What is needed. Print exactly the line that contains "CNC lathe WEILER DZ 40 / ARY" along with every line beneath it to the end of the records below, and omit pictures.

Material supplied.
•••••

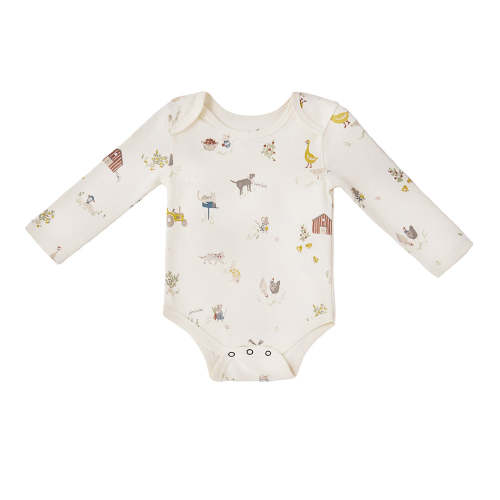 Lap Shoulder One-Piece - On the Farm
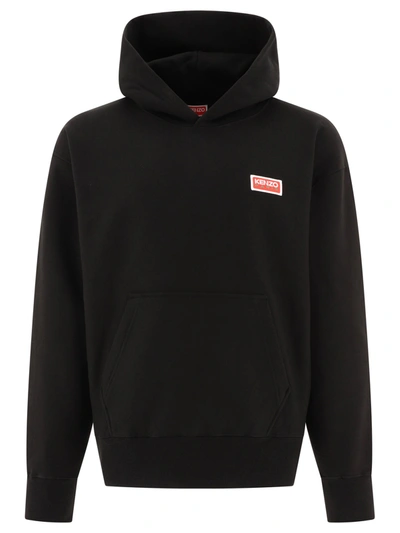 Kenzo Oversize Hooded Paris Sweatshirt Black Mens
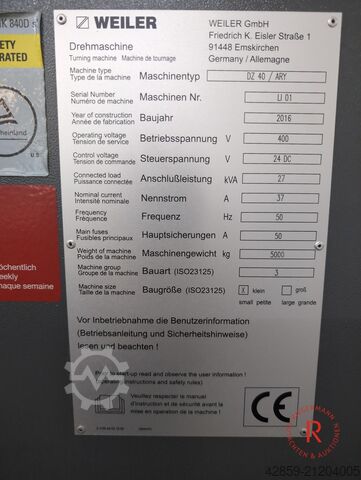 CNC lathe WEILER DZ 40 / ARY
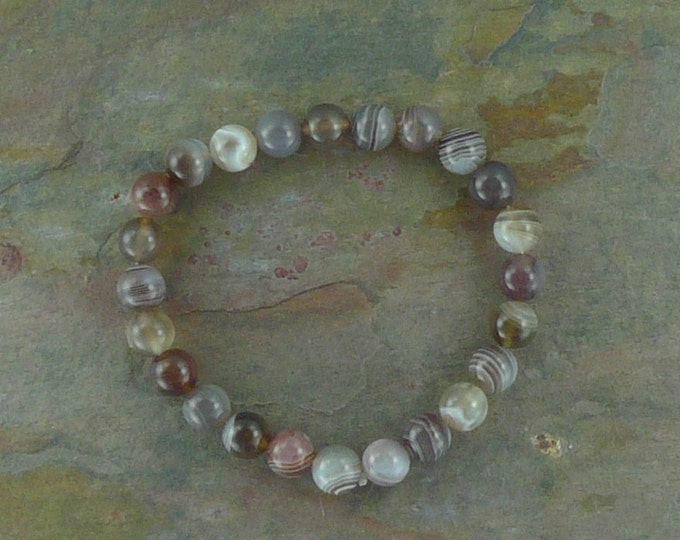 BOTSWANA AGATE Chakra Stretch Bracelet All Natural Semi-Precious Stones Healing Metaphysical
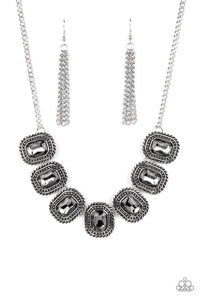 Iced Iron - Silver Necklace - Paparazzi Accessories (PZ-3397)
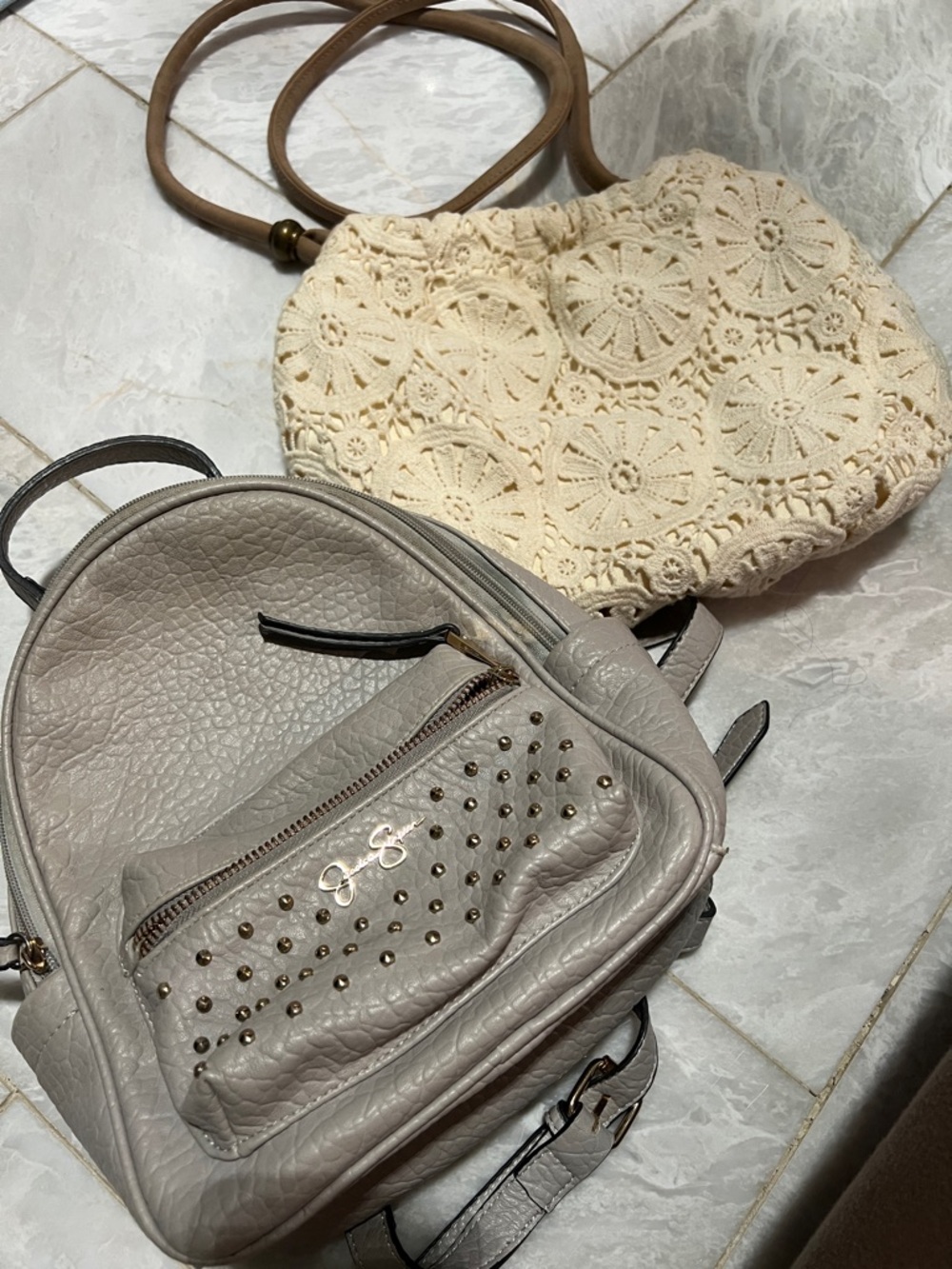 2 for $15 Womens Cream Crochet Shoulder Bag & Gray Studded Mini Backpack Set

•••••

Result below.
 CNC lathe WEILER DZ 40 / ARY
 BOTSWANA AGATE Chakra Stretch Bracelet All Natural Semi-Precious Stones Healing Metaphysical
 Iced Iron - Silver Necklace - Paparazzi Accessories (PZ-3397)
 2 for $15 Womens Cream Crochet Shoulder Bag & Gray Studded Mini Backpack Set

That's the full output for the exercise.